O debate foi mais duro com os partidos de esquerda, que há muito tempo vêm manifestando muitas dúvidas sobre este assunto. Modesto Navarro, do PCP, classificou o processo como “um Carnaval” e afirmou que já devia ter havido demissões na câmara municipal. A mesma ideia foi deixada no ar por Margarida Saavedra, do PSD, que exigiu “consequências políticas”, sem contudo pedir a demissão de ninguém.

Já Ricardo Robles, do Bloco de Esquerda, que desde o início tem estado na linha da frente da contestação a esta obra, considerou que a autarquia teve falta de lealdade para com a assembleia municipal, a cujos deputados apresentou uma proposta “amputada”. Lembrando que esta torre foi classificada como tendo excecional interesse público para a cidade, Robles declarou que “este urbanismo dos excecionais interesses tem de ser travado” e apelou à assembleia que desse “um sinal importantíssimo”, o de que “o urbanismo é feito em benefício do interesse público” e não dos privados.

Para explicar o processo, que disse ter sido “um acumular de erros do princípio ao fim”, o bloquista recorreu a uma metáfora: um carro era roubado e, mais tarde, o dono do carro fazia uma doação ao assaltante. “O presidente da câmara entregou as chaves ao meliante”, disse Robles, aludindo às permutas sugeridas.

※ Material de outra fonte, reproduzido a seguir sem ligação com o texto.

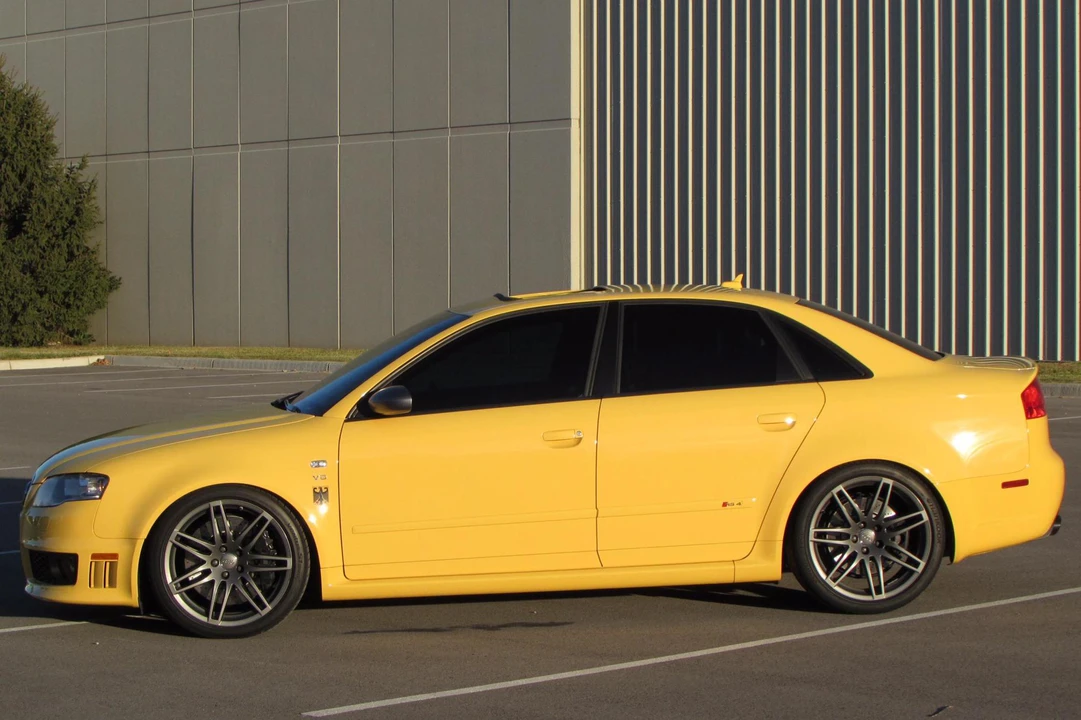 2008 Audi B7 RS4 - Image 11 of 31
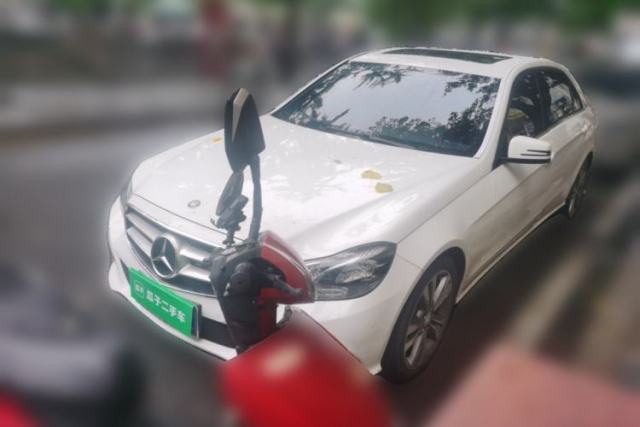Used Mercedes-Benz E-Class 2015 E 180 L Sport Edition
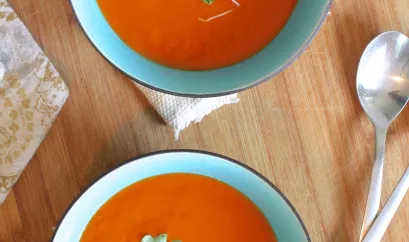 Tomatensuppe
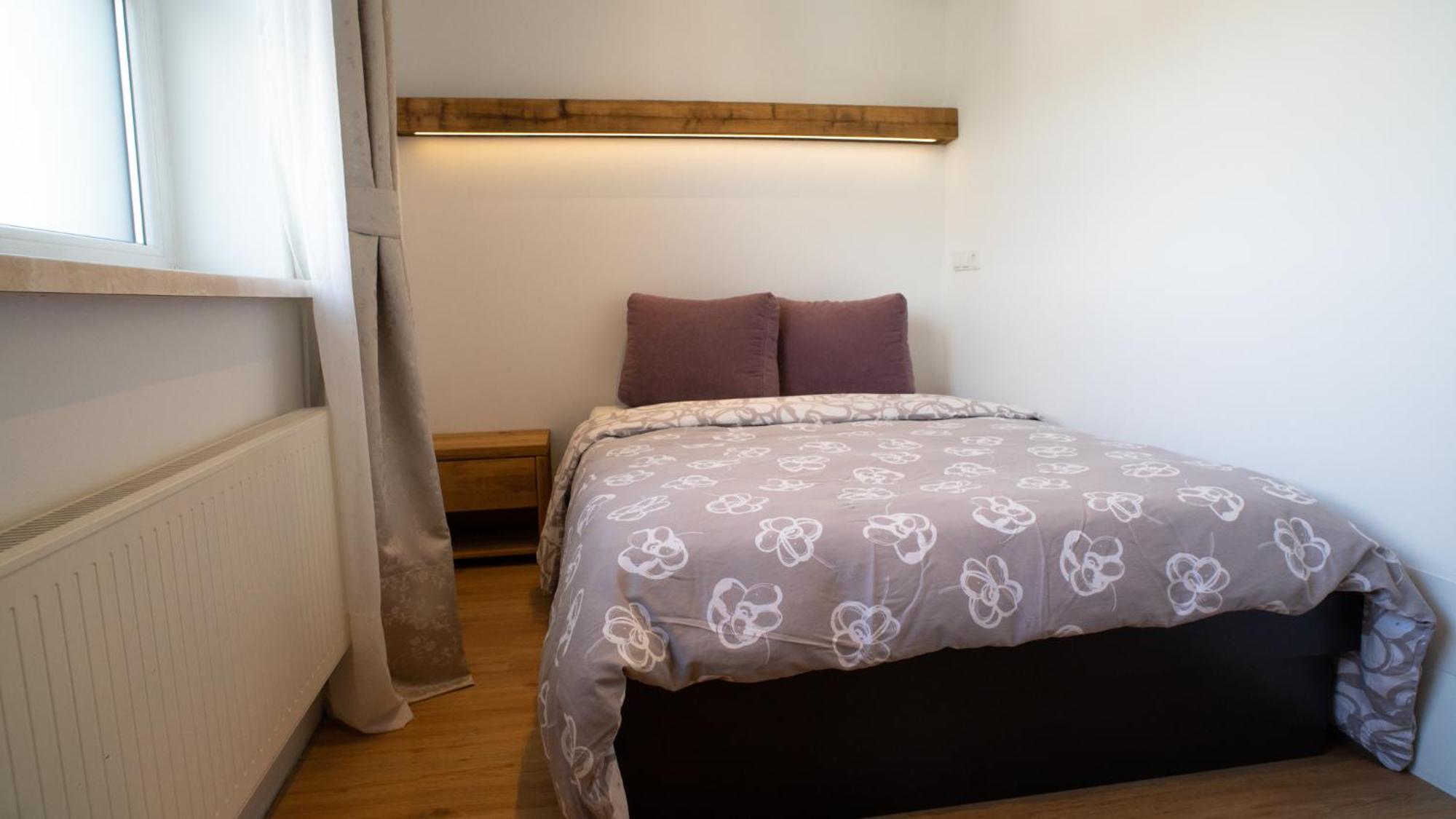 Apartmán Garconniere In Niedernsill Exteriér fotografie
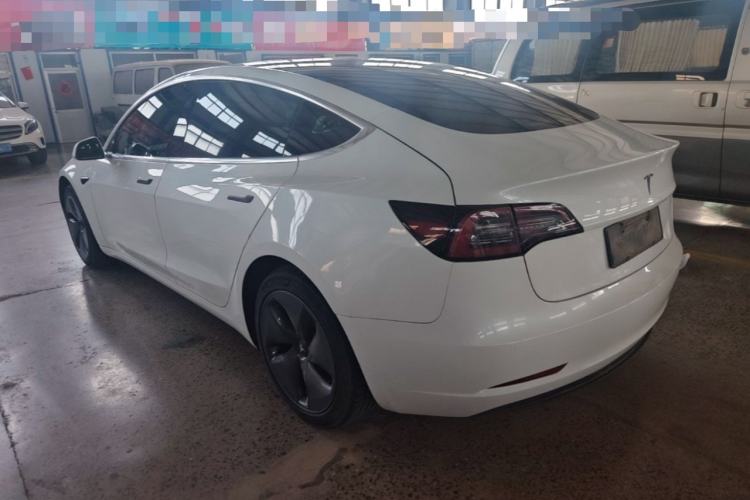 Used Tesla Model 3 2020 Standard Range Rear-Wheel Drive Upgraded Version Exterior 2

Fernando Medina não gostou de ouvir isto e, pouco depois, reagiu irritado às muitas críticas que choveram da oposição. “O sr. deputado Ricardo Robles está sempre à procura do melhor argumento para votar contra”, disse o presidente da câmara, acusando depois o bloquista de falta de rigor. “Não há nenhuma dação a nenhum privado nem nenhum benefício ao privado”, garantiu Medina. O autarca fez questão de separar as águas entre o que estava a ser discutido (“matéria urbanística”) e as possíveis consequências disciplinares e criminais que resultem dos inquéritos do Ministério Público e da câmara.

A decisão de permutar os terrenos e alienar outros “não afasta a aplicação da multa, a avaliação sobre se houve ilícito criminal nem a avaliação sobre a conduta dos serviços”, disse Medina aos jornalistas já depois da votação. O presidente da câmara comentou ainda que são recorrentes os “pequenos acertos” entre o que é propriedade privada e pública quando são discutidos alguns projetos.